Site using "reference only" stickers and stamps on WI and tools.

jam325

Starting to get Involved
Hello all,
I am in process of performing an internal audit for a site. The site is using "reference only" stamps and stickers on tools, work instructions, and procedures to try to get around the need for calibrated equipment and make old documents in the work area not a finding.
Has anyone run into this or used this method? The claim is this is something the operations manager picked up from aerospace.

Thanks,
John
 

qusys

Trusted Information Resource
Hello all,
I am in process of performing an internal audit for a site. The site is using "reference only" stamps and stickers on tools, work instructions, and procedures to try to get around the need for calibrated equipment and make old documents in the work area not a finding.
Has anyone run into this or used this method? The claim is this is something the operations manager picked up from aerospace.

Thanks,
John
It depends on the traceability of the measurement, if it considered a requirement from the organization about the validity of the measurement. See clause ISO 9001-7.1.5.2 . For example, if the value measured is ok only for pass - no pass, for reference only could works, but not to release process or product. Besides, consider also the implication of safety.
 
We still use those stickers, but not on all equipment, most employee stuff is marked that way, but on the floor there are several calibrated measuring tools to use as "final quality checks". Most assembly is checked by function anyway, either it fits or it is wrong, the reference gauges are there to determine which parts to use, use the 2" collar or the 1.5" collar? Grab a caliper and check it against the print, the wrong part is "self checking" as it will not fit. All final inspection is done with calibrated tools though.
 

Ed Panek

QA RA Small Med Dev Company
Leader
Super Moderator
You could look at the complaint log to see if its impacted their customers first and go from there.
 

John C. Abnet

Teacher, sensei, kennari
Leader
Super Moderator
Good day @jam325;
Consistent with what @Miner said...

I often counseled my previous teams (and current clients) using an easy to remember phrase I coined...

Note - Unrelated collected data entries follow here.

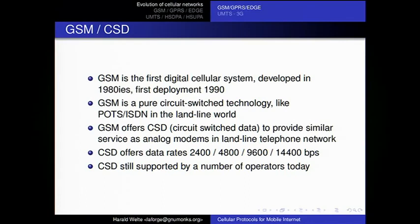Circuit-switched means it's like a voice call — you dial a number, establish a connection, and then exchange data. CSD emulates what people used in the 1990s, like modems on the public telephone network. The data rates achievable using CSD are quite low by today's standards: 2400, 4800 bits per second — not megabits or kilobits, but bits. GSM on the lower layers actually has lots of quarter bits.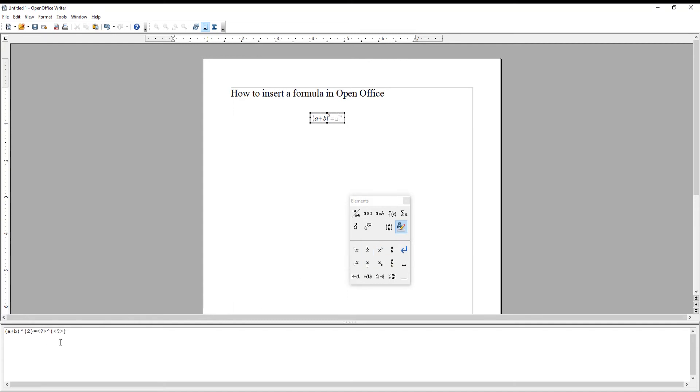You can add various formulas and fractions from the right side pop-up panel. You can edit the values at the bottom toolbar.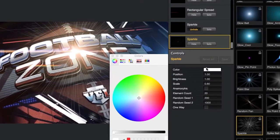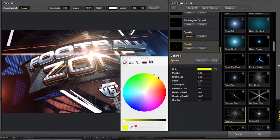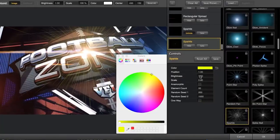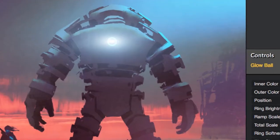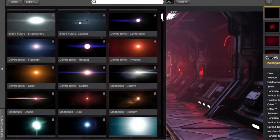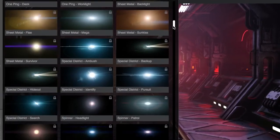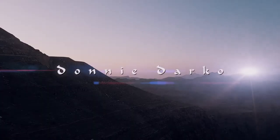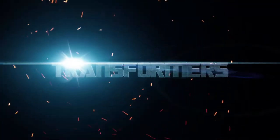The intuitive lens editor makes it easy to customize existing flares, or to create your own from scratch, and includes a library of over 200 presets inspired by the most iconic films of the past few decades.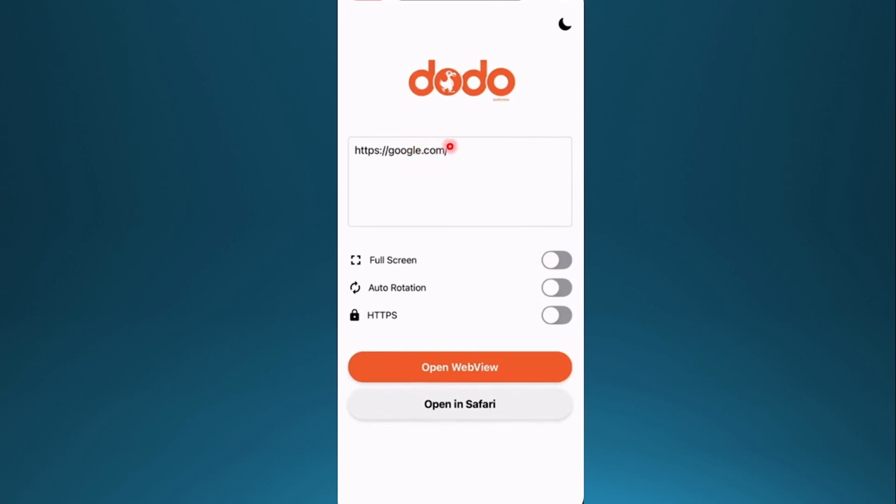Basically, that's it. You can paste it in, do full screen, do auto rotation. If you want it in HTTPS, you can toggle this one on as well.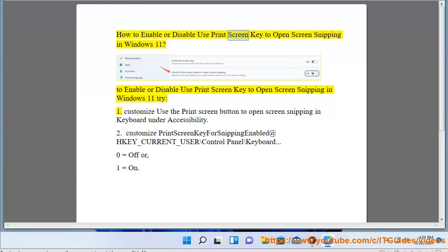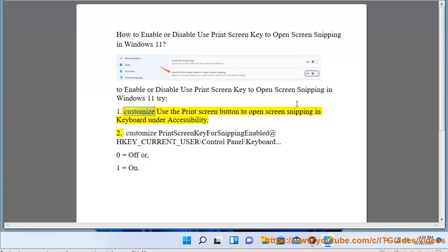How to enable or disable the Print Screen key to open screen snipping in Windows 11. Try Method 1: Customize the Print Screen button to open screen snipping in keyboard under Accessibility settings.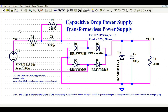Welcome to Electronic Circuit Hub. Today we are going to understand the capacitive drop power supply, sometimes also called the transformer-less power supply or cap drop power supply. We will understand how to design it using LTSpice and run a simulation. The input specification is 230 volt RMS at 50 Hz, and we want a power supply output of 12 volt at 20 milliampere.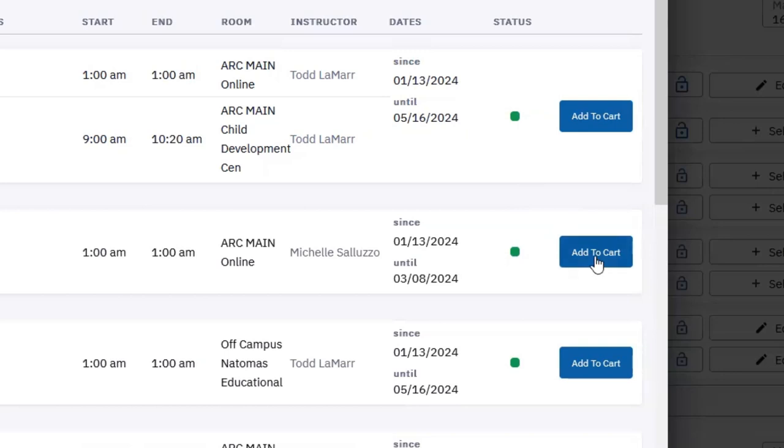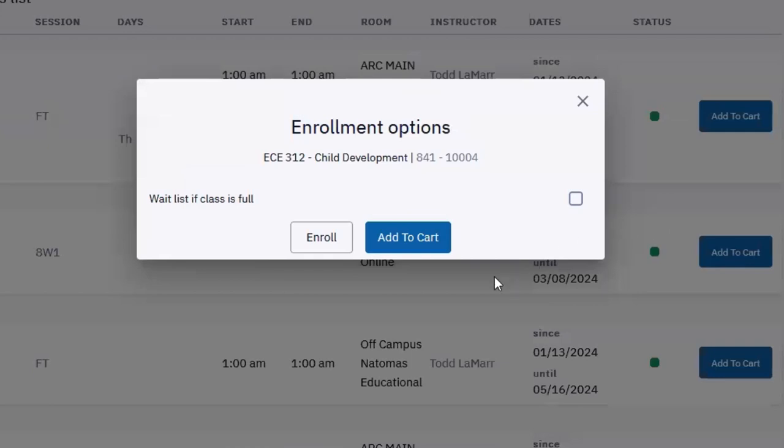To enroll, find an available section and click the Add to Cart button. In the pop-up window, select either Enroll or Add to Cart. Repeat for all the exciting courses you'd like to take this term.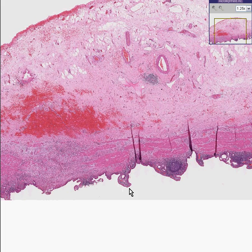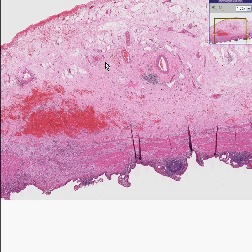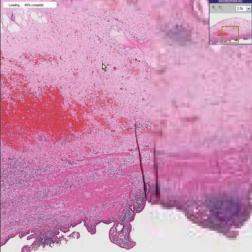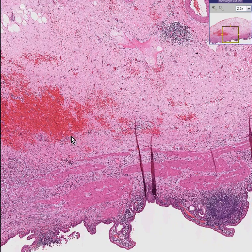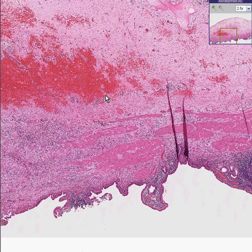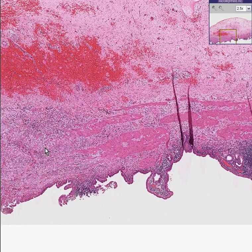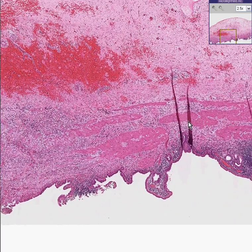The mucosa is fairly columnar and may form little papillae like this, which is classical for gallbladder. You take this gallbladder, throw in a bunch of lymphocytes, and you have your diagnosis of chronic cholecystitis.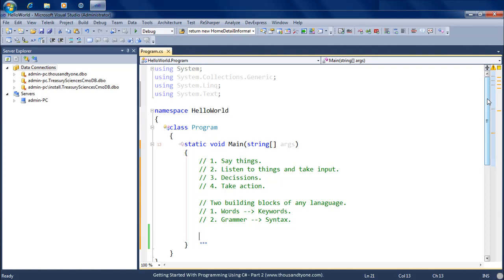In the first video of this series we covered the very basic operations of showing things on screen using C#, the basics of taking input from the user where we accepted the user's name and said hello followed by their name. We also covered data types, where we had two integers and added them up, and discussed strings, integers, variables, and how they are similar to variables used in algebra.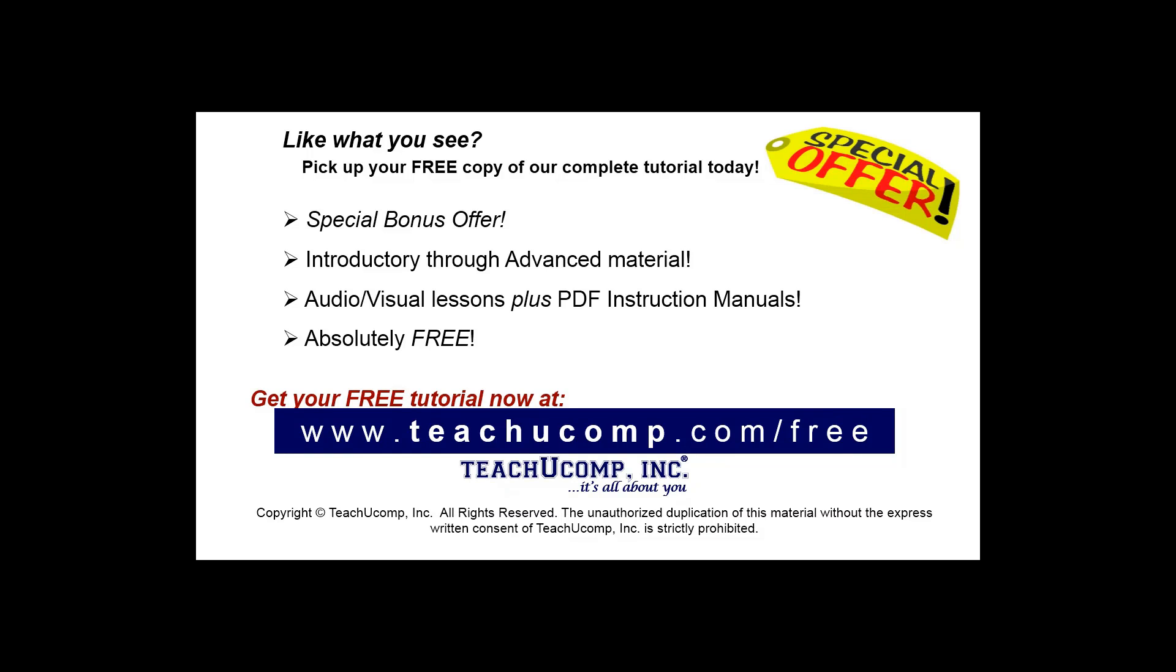Like what you see? Pick up your free copy of the complete tutorial at www.teachucomp.com/free.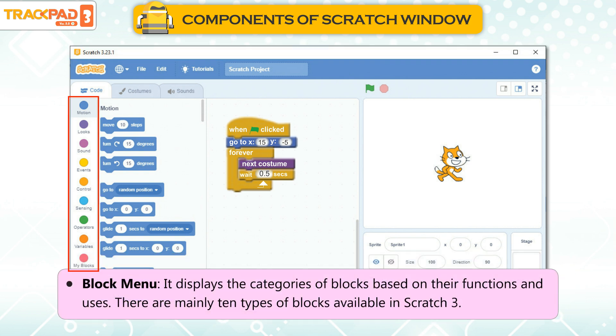Block Menu: It displays the categories of blocks based on their functions and uses. There are mainly 10 types of blocks available in Scratch 3.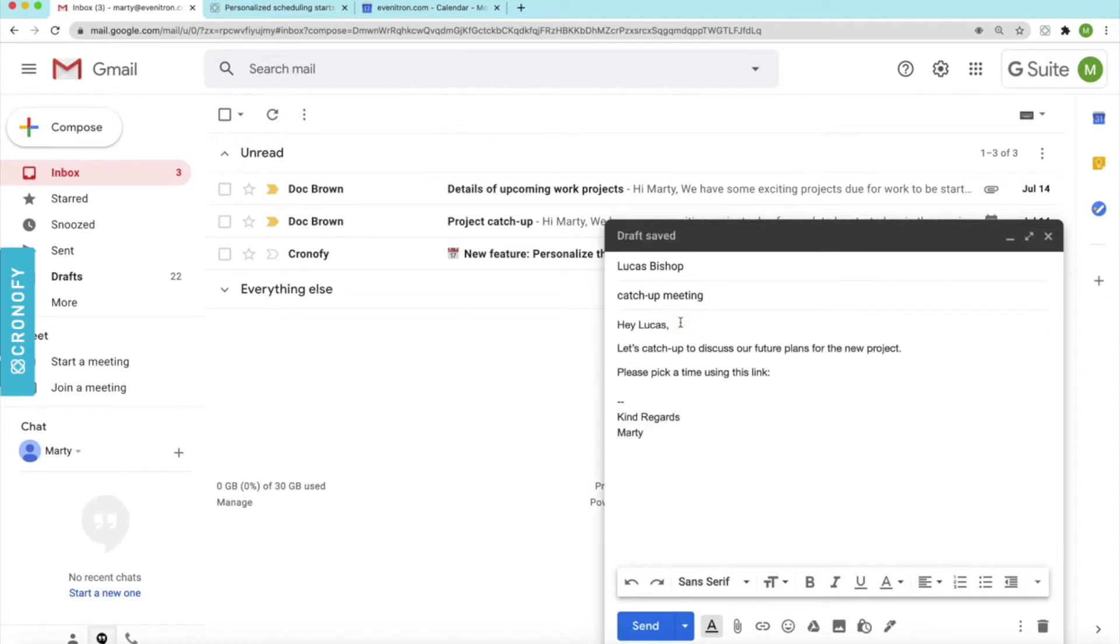Hey Lucas, let's catch up to discuss our future plans for the new project. Please pick a time using this link.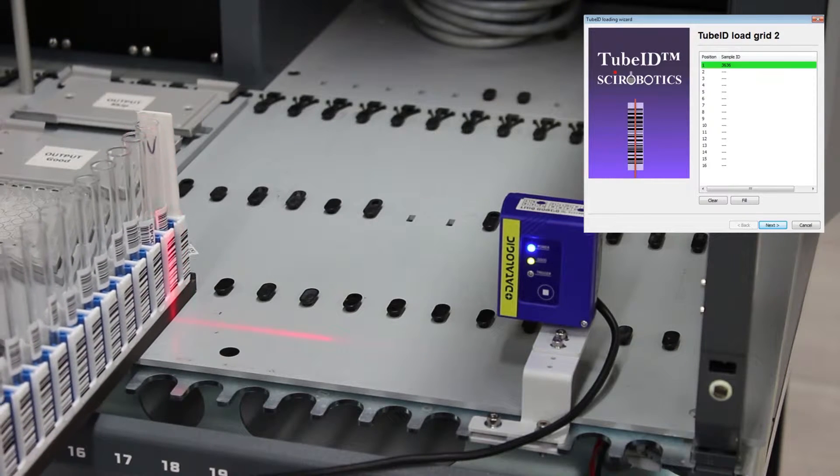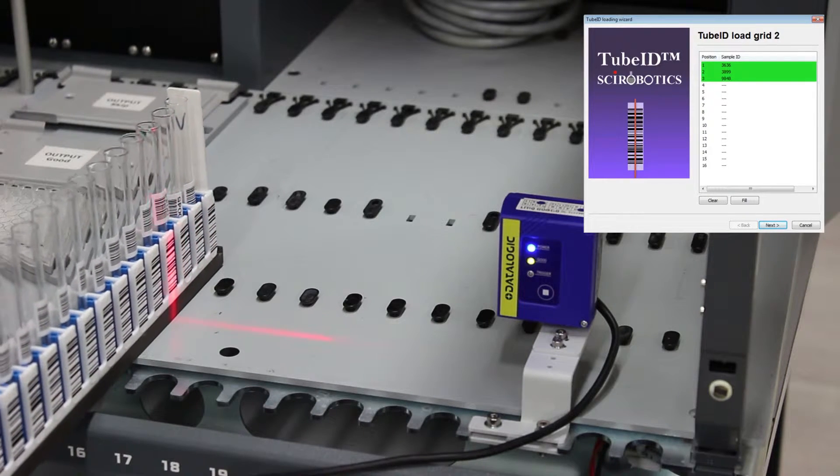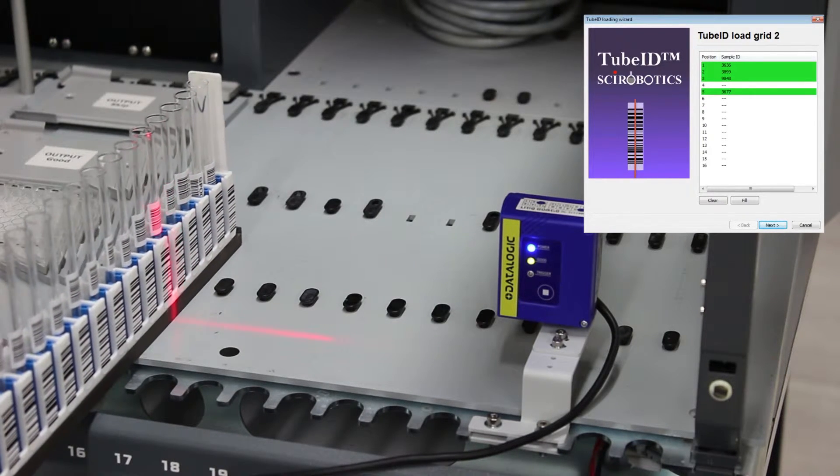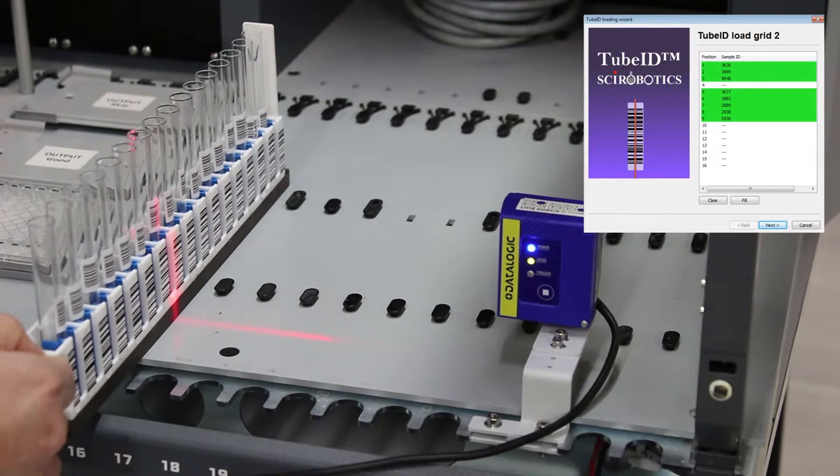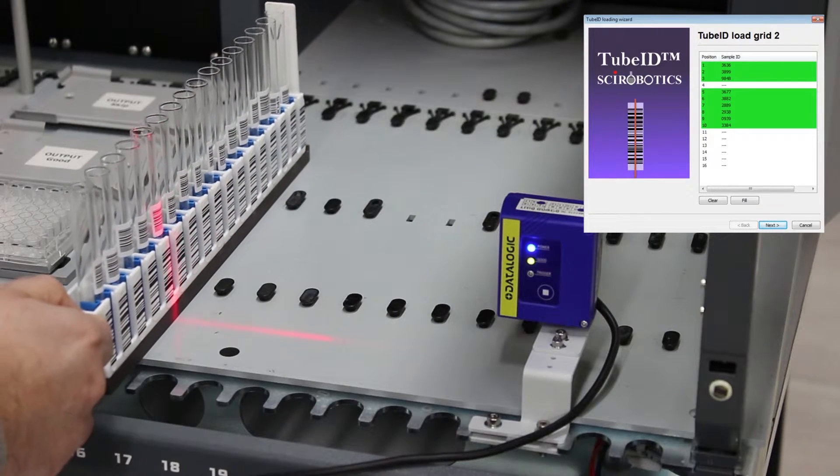Once all tubes in a tube rack are read, click the Next button and continue with the next tube rack.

"If it's WRONG or GONE (can it lead to a nonconformance...i.e. unintended outcome).

I would be curious to understand the explanation as to WHY the team feels like "reference only" is an acceptable approach.

If the answer is 'yes' then the burden is on the auditee to convince that 'reference only' (i.e. GONE) is a good approach. (HINT- it is not a good approach IF the items in question are necessary to achieve the intended outcome).


Hope this helps.
Be well.
 

jam325

Starting to get Involved
Thanks all for the replies.

I certainly see the benefit of having some intermediate steps or measurements that may not be done with calibrated tools. As long as that check or part is verified to a tracible measurement later on before it is shipped. Perhaps it is cheaper to buy calipers that are not able to be calibrated, for example.

@John C. Abnet I am not sure what the reasoning is. My understanding is that they feel it gives them freedom to not have to have gages or WI updated and some "plausible deniability" if the gage or WI is not up to date. The point I am trying to get across to them is that if the tool or WI is used to produce product, and if the product is important enough to be produced correctly. Then it should be important enough to have accurate equipment and WI.

I have always felt that if you have an uncalibrated gage or an uncontrolled document, then you don't need that gage or document. If it is important enough to measure or write down, then it should be important enough to make sure it is accurate.

Thanks again!
 

dwperron

Trusted Information Resource
Hello all,
I am in process of performing an internal audit for a site. The site is using "reference only" stamps and stickers on tools, work instructions, and procedures to try to get around the need for calibrated equipment and make old documents in the work area not a finding.
Has anyone run into this or used this method? The claim is this is something the operations manager picked up from aerospace.

Thanks,
John
My guess is that they got bagged during an audit for not having adequate document control or calibration system. They crafted a response that addressed the findings, but did nothing to improve the quality of the operation.
Though this is definitely NOT an aerospace practice, I have seen it used in cases where auditors go crazy calling any work aid posted (such as a page from a tool catalog describing torque wrenches) a "work instruction" then citing the lack of document control. The Reference Only stamp was the response to those events. But yes, you can certainly go overboard on this.
 
Last edited:

Mike S.

Happy to be Alive
Trusted Information Resource
Do
Hello all,
I am in process of performing an internal audit for a site. The site is using "reference only" stamps and stickers on tools, work instructions, and procedures to try to get around the need for calibrated equipment and make old documents in the work area not a finding.
Has anyone run into this or used this method? The claim is this is something the operations manager picked up from aerospace.

Thanks,
John
Do they use only calibrated equipment and controlled, approved documents to perform key operations like manufacturing and final test/inspection?